Secondo le indagini l’azienda si sarebbe invece fidata della sola dichiarazione formale delle aziende a cui si affidava, in cui si diceva che non avrebbero appaltato ulteriormente il lavoro ad altri senza autorizzazione. Secondo l’accusa questo avrebbe agevolato, anche se indirettamente, lo sfruttamento dei lavoratori da parte di chi gestiva i laboratori, che invece sono sotto indagine.
Dopo varie verifiche da parte dei carabinieri sono state rilevate gravi condizioni di lavoro irregolare. Persone, in gran parte cinesi, che ci lavoravano in nero, senza un contratto legale, senza un regolare permesso di soggiorno, in condizioni di sfruttamento e con violazioni delle norme di sicurezza. Alcuni lavoratori venivano anche ospitati in dormitori abusivi.
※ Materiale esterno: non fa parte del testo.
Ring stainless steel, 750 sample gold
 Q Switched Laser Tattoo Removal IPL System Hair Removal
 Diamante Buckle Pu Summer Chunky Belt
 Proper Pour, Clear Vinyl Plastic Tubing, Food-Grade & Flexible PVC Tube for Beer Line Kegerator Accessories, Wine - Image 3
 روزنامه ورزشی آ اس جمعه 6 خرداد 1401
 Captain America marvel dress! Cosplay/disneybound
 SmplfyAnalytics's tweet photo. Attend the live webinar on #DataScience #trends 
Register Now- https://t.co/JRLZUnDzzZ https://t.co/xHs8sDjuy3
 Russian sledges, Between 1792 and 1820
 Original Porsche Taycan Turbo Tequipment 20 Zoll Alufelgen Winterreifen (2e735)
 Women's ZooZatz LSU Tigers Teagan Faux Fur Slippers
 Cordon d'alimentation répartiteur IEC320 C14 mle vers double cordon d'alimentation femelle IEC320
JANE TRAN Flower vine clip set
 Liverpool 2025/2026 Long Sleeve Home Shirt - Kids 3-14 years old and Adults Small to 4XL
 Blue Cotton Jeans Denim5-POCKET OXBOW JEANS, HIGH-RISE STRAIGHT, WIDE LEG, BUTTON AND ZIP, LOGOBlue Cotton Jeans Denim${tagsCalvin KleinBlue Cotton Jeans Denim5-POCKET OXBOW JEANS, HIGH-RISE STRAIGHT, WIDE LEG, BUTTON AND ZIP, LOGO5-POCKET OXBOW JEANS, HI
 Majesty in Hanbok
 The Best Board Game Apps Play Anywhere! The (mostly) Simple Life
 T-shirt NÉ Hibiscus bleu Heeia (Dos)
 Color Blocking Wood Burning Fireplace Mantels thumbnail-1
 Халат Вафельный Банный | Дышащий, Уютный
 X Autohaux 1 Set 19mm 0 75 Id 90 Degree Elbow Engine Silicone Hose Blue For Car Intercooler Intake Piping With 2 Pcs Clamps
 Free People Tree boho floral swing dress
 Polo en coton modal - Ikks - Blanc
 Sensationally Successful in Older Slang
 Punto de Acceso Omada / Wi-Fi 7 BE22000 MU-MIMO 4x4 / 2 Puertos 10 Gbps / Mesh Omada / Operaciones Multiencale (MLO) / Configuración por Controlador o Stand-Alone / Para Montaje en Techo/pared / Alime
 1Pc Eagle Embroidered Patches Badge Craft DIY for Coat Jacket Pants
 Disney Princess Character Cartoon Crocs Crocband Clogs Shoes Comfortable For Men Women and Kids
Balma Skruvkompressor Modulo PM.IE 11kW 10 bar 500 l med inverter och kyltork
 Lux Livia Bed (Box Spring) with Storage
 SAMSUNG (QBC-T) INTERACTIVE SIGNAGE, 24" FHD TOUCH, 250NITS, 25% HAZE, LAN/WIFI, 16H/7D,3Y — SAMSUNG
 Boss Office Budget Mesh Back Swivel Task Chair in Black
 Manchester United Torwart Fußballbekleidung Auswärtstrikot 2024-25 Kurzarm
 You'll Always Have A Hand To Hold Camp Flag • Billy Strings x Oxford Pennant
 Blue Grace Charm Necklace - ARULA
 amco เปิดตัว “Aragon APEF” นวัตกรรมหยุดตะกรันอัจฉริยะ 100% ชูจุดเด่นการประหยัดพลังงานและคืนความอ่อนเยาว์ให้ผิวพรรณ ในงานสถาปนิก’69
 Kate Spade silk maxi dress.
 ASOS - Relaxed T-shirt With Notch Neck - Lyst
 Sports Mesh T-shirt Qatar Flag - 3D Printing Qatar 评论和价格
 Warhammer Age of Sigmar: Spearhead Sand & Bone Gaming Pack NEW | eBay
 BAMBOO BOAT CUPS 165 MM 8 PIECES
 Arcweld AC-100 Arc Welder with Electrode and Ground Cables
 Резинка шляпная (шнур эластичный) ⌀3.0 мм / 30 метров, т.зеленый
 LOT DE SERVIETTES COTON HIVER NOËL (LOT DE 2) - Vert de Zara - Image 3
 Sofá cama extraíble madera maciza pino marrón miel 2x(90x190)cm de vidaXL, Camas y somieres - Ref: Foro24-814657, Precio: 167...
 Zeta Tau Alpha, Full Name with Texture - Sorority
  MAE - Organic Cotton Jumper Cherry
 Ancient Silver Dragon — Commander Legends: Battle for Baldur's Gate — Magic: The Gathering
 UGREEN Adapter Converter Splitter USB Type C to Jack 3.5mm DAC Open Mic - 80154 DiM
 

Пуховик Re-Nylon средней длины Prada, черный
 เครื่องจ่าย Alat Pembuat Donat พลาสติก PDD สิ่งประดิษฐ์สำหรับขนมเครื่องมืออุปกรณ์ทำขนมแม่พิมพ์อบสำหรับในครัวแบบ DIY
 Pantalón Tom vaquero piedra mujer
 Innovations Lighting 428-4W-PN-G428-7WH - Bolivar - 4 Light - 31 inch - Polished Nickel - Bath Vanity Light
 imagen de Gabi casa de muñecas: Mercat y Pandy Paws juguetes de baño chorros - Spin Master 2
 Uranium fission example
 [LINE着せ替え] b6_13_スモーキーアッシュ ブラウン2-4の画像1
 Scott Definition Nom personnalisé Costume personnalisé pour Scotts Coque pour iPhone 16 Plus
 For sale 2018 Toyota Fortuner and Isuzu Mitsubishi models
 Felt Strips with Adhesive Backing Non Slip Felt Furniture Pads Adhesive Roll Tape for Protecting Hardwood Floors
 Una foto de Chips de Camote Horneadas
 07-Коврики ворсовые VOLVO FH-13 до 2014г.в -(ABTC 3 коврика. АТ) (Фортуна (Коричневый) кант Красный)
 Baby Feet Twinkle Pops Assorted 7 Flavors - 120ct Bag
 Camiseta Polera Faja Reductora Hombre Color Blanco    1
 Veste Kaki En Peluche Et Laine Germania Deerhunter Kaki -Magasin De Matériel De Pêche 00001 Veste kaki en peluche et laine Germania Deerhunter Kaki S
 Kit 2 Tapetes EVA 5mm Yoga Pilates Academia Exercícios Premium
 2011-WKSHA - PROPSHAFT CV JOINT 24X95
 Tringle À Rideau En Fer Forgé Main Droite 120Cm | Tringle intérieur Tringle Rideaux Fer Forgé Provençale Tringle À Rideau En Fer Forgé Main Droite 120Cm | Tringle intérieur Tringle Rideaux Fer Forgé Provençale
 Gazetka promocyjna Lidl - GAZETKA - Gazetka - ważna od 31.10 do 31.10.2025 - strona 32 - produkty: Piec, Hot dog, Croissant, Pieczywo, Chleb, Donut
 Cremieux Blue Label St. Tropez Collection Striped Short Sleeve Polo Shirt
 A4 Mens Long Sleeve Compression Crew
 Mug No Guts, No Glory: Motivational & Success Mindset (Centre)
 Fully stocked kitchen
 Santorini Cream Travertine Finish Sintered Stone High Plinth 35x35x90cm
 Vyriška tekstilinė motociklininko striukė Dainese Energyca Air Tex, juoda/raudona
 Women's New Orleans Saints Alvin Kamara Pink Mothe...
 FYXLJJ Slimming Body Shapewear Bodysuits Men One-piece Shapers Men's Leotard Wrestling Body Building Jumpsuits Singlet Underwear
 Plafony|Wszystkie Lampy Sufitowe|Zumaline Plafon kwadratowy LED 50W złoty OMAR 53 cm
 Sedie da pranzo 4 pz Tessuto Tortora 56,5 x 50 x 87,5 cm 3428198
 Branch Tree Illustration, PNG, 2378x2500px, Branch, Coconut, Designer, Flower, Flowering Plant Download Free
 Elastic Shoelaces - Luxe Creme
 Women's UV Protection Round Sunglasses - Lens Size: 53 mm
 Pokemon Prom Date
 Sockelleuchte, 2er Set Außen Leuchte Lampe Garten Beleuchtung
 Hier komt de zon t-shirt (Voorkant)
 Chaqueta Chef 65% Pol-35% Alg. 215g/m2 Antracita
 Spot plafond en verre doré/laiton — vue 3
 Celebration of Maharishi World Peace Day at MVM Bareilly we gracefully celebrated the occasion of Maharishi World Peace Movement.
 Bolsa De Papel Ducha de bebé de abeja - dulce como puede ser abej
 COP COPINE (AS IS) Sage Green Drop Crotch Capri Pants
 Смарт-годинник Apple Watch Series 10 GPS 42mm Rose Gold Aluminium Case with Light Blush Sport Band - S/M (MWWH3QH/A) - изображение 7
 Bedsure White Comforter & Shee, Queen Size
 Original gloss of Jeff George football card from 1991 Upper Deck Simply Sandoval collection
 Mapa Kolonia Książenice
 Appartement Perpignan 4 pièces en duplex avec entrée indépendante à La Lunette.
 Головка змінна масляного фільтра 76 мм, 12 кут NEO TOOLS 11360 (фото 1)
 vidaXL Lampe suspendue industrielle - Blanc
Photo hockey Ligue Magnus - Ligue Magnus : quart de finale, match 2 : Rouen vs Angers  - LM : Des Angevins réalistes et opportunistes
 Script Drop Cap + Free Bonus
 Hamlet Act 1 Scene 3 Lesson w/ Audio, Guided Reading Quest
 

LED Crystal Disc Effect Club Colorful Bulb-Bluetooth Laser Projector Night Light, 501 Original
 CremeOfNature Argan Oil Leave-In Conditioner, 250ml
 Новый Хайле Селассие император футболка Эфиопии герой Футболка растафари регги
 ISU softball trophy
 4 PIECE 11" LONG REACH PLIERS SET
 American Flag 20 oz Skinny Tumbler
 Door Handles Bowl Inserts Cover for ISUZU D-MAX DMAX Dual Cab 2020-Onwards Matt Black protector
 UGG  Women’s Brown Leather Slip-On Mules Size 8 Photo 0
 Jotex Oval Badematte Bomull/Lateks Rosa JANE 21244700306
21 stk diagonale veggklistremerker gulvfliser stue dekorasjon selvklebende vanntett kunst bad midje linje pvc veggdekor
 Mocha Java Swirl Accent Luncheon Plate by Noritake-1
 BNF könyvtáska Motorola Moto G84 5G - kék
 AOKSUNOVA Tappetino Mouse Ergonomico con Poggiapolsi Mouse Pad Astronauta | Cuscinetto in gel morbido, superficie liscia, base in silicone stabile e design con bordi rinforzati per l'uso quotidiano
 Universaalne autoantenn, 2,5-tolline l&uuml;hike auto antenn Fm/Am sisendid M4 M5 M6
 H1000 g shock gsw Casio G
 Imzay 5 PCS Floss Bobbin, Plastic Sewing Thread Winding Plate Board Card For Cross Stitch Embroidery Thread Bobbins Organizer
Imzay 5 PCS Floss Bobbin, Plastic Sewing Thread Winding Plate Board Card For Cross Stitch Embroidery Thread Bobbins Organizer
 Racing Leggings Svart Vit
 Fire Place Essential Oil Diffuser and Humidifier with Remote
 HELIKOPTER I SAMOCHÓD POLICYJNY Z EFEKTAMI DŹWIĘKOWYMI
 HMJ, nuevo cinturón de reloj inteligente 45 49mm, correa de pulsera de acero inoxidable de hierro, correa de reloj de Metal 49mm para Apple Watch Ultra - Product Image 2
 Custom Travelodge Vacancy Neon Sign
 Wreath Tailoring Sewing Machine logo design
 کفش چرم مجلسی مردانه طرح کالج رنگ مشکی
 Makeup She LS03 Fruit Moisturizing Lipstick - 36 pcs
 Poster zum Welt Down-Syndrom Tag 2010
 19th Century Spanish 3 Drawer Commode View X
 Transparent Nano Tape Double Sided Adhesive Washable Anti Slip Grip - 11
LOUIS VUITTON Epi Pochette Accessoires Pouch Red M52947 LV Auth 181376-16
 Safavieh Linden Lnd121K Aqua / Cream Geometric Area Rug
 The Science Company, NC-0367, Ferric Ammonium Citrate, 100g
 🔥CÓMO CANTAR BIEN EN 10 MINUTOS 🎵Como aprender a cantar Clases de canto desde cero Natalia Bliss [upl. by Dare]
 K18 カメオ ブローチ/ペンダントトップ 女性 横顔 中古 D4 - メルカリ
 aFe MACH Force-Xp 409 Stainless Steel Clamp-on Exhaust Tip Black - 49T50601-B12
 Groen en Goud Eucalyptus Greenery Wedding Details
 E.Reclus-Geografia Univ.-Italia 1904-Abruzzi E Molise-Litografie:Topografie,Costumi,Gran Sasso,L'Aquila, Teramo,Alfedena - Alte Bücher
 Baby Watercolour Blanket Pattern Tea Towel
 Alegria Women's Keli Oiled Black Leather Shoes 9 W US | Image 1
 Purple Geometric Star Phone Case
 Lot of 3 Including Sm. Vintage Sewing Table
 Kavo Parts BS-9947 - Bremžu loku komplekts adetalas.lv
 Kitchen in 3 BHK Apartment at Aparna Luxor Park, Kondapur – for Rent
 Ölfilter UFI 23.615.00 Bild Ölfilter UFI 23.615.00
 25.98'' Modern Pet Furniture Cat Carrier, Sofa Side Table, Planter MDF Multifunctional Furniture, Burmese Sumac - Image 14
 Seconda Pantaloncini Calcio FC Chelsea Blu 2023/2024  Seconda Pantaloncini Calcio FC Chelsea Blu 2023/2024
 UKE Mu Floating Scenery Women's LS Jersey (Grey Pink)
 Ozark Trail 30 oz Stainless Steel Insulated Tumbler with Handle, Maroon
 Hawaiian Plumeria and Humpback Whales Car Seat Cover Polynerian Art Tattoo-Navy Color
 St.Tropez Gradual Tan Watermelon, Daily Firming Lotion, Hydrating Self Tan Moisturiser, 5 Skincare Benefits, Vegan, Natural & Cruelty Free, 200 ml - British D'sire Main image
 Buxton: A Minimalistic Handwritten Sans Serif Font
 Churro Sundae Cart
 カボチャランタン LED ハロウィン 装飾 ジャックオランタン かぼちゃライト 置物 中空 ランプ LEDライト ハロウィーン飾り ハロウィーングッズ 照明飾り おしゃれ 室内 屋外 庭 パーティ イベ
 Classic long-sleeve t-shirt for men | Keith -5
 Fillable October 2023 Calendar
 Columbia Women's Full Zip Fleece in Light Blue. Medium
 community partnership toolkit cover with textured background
Per sei delle aziende coinvolte nell’indagine è stata disposta la sospensione dell’attività.
Se il problema dello sfruttamento dei lavoratori e dei loro diritti viene spesso ormai attribuito alle grandi catene di fast fashion, quelle che producono capi di scarsa qualità, venduti a basso prezzo, identificati come usa e getta dato il loro breve ciclo di vita, in questo caso parliamo invece proprio di un’azienda italiana fondata nel 1991 a Milano, un brand conosciuto in tutto il mondo, che dovrebbe essere il primo a tenere alti valori come produzione, trasparenza e made in Italy.